> [Task objective]:
Go over the records and copy every line with the string "online".

____ Dataset entries

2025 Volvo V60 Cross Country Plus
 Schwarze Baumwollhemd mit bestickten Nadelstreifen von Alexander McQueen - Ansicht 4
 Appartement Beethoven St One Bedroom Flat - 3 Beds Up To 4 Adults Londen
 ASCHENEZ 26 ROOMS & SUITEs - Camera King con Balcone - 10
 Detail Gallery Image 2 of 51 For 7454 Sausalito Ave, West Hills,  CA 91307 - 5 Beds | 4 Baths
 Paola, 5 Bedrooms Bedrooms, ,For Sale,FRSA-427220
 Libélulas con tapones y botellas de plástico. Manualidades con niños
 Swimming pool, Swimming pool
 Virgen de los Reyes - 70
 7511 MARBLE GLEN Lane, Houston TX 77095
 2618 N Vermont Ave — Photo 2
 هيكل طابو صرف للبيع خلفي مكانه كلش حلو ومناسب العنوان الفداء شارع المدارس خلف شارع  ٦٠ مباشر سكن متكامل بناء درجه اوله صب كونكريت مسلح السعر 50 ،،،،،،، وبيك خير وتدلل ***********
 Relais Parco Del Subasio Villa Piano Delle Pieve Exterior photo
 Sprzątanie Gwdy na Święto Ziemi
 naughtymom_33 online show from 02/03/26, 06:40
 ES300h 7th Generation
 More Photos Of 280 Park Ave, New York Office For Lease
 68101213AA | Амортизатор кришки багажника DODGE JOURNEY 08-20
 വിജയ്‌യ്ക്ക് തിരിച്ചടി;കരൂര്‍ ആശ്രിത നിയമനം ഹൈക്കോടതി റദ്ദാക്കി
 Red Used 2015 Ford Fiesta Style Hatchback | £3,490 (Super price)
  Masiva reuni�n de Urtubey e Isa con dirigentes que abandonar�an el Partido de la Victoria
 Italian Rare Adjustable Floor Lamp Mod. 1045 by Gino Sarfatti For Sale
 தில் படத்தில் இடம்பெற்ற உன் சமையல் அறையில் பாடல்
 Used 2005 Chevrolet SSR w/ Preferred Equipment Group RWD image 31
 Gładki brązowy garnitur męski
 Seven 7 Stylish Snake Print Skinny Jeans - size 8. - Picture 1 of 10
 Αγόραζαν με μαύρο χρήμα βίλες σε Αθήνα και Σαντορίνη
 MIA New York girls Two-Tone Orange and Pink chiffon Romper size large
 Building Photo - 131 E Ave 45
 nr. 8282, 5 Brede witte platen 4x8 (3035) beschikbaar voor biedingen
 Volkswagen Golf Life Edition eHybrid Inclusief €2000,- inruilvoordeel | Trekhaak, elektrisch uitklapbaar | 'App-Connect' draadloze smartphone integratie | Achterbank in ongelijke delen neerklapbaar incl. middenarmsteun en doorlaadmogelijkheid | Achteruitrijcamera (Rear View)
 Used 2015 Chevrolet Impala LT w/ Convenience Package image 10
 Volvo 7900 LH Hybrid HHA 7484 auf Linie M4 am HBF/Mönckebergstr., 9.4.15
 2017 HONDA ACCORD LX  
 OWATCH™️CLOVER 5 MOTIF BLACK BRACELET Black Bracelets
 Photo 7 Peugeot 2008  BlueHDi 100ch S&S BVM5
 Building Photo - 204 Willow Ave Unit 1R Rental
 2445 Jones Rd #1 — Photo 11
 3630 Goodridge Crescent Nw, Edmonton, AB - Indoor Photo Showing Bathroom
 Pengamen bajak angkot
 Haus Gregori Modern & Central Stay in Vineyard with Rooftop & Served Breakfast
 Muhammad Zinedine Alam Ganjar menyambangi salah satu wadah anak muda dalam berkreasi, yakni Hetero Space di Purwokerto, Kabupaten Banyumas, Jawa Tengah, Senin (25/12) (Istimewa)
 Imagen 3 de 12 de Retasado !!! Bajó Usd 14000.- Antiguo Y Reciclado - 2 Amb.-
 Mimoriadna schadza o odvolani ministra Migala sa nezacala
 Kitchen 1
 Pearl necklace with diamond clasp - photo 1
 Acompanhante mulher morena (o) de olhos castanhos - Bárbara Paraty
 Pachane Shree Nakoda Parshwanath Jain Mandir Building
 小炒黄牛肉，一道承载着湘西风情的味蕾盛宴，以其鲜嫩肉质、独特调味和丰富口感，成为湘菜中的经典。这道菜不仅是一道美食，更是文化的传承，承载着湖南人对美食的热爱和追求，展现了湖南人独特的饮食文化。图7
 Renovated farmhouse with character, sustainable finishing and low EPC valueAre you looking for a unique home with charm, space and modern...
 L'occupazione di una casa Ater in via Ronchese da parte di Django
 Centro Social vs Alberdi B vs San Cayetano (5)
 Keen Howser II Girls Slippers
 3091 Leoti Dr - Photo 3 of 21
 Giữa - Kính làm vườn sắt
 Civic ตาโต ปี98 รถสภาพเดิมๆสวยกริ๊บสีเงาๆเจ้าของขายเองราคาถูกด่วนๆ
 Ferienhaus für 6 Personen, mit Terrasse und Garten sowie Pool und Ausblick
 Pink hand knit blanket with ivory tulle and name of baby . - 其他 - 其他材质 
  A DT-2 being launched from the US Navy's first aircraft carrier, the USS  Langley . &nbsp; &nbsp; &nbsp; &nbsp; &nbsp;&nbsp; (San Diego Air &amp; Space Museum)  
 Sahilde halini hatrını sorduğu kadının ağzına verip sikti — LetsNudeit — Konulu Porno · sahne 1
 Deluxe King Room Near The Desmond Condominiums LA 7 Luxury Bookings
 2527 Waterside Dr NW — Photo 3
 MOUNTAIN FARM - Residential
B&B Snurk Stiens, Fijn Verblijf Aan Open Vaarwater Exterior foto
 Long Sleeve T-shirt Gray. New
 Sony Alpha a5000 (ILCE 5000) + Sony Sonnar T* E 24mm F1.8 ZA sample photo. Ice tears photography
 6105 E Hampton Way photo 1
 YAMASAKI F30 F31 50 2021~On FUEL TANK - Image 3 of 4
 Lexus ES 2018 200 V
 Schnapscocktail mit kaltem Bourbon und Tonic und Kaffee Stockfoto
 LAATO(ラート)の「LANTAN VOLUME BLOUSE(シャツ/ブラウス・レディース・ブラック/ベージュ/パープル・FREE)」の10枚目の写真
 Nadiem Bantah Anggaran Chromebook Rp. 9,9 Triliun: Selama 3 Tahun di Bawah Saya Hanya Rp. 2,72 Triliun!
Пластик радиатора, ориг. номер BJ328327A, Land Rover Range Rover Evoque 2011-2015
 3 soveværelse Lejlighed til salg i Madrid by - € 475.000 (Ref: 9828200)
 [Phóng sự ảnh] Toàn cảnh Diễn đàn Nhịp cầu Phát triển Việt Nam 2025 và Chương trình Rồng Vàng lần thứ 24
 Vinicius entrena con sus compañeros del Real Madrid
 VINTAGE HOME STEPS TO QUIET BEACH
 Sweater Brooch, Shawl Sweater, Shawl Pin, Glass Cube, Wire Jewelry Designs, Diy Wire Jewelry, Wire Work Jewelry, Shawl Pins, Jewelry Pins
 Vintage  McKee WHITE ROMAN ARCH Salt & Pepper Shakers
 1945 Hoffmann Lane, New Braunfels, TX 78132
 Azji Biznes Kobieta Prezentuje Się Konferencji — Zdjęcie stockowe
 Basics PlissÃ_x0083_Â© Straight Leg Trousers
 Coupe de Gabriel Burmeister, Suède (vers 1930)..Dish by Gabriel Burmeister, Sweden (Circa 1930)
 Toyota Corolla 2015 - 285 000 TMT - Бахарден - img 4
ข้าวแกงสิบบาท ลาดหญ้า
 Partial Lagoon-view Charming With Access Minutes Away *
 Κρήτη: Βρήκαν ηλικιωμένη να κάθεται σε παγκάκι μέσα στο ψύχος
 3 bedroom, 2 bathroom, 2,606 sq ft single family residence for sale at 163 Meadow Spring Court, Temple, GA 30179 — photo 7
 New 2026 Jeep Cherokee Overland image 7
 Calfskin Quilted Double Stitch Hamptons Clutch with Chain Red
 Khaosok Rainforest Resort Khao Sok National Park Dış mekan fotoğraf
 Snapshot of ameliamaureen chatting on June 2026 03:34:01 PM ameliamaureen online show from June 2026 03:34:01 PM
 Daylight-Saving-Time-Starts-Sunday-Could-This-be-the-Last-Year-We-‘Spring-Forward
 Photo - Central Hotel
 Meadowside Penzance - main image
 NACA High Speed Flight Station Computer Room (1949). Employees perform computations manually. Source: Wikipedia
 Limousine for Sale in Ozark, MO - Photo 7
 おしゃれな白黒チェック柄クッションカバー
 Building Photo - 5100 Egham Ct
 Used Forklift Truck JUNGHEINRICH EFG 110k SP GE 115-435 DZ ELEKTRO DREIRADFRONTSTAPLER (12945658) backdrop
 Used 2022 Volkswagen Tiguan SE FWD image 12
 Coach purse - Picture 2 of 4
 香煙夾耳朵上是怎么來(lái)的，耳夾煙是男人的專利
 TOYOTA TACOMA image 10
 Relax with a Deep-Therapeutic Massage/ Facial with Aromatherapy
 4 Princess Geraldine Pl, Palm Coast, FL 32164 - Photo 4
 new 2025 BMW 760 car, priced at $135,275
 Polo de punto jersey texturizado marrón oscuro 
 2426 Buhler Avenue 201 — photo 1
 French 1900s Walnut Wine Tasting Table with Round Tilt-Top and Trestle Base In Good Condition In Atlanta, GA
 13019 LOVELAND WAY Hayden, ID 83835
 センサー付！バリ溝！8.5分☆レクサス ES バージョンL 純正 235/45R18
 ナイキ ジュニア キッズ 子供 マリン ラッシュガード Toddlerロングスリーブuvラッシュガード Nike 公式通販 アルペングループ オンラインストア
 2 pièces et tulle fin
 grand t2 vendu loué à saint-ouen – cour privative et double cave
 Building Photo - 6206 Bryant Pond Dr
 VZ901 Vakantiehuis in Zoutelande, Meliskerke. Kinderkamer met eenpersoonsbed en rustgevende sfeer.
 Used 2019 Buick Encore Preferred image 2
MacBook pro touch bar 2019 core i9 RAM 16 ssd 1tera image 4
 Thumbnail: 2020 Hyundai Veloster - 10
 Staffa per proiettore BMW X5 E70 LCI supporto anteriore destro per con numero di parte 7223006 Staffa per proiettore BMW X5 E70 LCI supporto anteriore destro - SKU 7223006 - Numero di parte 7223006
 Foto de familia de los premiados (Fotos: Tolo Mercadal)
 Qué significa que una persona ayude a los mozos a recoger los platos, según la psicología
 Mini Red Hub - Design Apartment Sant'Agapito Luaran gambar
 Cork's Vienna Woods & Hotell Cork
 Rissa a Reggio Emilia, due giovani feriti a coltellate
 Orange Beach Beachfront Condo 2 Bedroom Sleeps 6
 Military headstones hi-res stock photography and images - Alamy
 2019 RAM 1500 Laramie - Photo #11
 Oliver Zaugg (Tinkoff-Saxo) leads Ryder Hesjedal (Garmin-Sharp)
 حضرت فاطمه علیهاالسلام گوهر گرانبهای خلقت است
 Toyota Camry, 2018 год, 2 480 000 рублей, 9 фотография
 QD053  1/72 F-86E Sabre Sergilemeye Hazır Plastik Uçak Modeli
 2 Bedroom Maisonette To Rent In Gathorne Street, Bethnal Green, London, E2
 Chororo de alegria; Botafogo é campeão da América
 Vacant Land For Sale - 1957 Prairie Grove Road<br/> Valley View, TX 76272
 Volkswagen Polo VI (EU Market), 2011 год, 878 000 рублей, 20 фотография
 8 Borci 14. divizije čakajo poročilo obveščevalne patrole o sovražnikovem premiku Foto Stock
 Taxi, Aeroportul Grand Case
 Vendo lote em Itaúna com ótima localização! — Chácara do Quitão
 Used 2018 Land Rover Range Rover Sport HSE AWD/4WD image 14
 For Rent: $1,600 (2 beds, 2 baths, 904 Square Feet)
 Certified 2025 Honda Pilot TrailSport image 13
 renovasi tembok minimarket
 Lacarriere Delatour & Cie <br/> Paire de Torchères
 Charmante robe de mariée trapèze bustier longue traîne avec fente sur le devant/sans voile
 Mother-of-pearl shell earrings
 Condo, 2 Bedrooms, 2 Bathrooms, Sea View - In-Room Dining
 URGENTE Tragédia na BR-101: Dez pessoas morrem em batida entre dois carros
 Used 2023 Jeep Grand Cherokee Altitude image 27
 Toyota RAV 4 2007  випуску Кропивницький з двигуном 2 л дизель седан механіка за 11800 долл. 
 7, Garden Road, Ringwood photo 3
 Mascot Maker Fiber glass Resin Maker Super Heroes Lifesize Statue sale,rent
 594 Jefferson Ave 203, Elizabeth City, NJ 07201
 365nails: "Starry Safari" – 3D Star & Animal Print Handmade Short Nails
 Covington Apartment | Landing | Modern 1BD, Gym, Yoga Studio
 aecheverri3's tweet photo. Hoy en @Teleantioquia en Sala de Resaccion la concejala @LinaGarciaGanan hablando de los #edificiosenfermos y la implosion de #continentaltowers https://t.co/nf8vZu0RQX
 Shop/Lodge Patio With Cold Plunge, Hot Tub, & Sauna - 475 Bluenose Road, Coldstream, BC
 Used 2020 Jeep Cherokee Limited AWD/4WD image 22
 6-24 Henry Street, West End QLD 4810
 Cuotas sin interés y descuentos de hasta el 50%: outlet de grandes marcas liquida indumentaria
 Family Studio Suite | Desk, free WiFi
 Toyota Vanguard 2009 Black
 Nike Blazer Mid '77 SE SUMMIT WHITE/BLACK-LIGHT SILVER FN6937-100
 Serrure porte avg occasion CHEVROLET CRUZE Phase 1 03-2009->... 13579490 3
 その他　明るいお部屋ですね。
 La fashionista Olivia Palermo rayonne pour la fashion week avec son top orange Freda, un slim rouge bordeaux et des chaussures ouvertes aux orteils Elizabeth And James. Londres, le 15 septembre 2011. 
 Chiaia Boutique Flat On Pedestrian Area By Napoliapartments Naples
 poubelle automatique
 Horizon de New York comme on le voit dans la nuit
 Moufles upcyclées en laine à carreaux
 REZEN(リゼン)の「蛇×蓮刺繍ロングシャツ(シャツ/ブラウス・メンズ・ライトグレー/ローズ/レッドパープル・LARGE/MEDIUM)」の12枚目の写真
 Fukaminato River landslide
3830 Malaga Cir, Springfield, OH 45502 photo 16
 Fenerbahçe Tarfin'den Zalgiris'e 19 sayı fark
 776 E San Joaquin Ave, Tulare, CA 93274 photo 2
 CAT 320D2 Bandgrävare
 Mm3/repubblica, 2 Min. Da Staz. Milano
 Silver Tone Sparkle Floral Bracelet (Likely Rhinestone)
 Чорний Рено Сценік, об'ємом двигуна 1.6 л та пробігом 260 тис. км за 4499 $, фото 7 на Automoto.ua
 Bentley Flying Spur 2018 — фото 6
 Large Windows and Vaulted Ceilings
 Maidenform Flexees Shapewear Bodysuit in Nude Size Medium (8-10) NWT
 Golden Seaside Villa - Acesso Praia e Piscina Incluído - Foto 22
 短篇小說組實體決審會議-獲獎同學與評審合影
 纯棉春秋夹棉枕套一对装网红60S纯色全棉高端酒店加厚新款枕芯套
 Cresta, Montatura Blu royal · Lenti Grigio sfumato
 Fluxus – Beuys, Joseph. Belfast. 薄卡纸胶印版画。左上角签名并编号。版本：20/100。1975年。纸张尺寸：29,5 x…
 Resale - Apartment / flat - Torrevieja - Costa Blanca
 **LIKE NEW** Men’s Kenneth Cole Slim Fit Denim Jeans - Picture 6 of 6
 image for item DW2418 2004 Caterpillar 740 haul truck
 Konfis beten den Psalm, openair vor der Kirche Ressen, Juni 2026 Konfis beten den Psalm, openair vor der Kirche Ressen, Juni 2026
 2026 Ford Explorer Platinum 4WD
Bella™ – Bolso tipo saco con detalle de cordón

________

> [Answer section]:
 naughtymom_33 online show from 02/03/26, 06:40
 Snapshot of ameliamaureen chatting on June 2026 03:34:01 PM ameliamaureen online show from June 2026 03:34:01 PM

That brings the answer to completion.